Adding data to your events: context and more
There are multiple ways to add extra data to your tracked events, adding richness and value to your dataset. Each of them involves a different class from the Roku tracker.
- Event context using self-describing data: Attach event context, describing anything you like, in the form of self-describing JSONs.
- Subject: Include information about the user, or the platform on which the event occurred.
- Timestamp: Override the default event timestamp with your own timestamp.
You can attach any of these as additional arguments to the track event methods.
Event context
Event context is an incredibly powerful aspect of Snowplow tracking, which allows you to create very rich data. It is based on the same self-describing JSON schemas as the self-describing events. Using event context, you can add any details you like to your events, as long as you can describe them in a self-describing JSON schema.
Each schema will describe a single "entity". All of an event’s entities together form the event context. The event context will be sent as one field of the event, finally ending up in one column (context
) in your data storage. There is no limit to how many entities can be attached to one event.

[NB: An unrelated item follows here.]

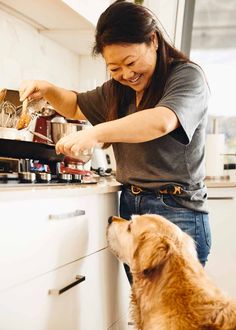 a woman and her dog are cooking in the kitchen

Note that context can be added to any event type, not just self-describing events. This means that even a simple event type like a page view can hold complex and extensive information – reducing the chances of data loss and the amount of modeling (JOINs etc.) needed in modeling, while increasing the value of each event, and the sophistication of the possible use cases.
The entities you provide are validated against their schemas as the event is processed (during the enrich phase). If there is a mistake or mismatch, the event is processed as a Bad Event.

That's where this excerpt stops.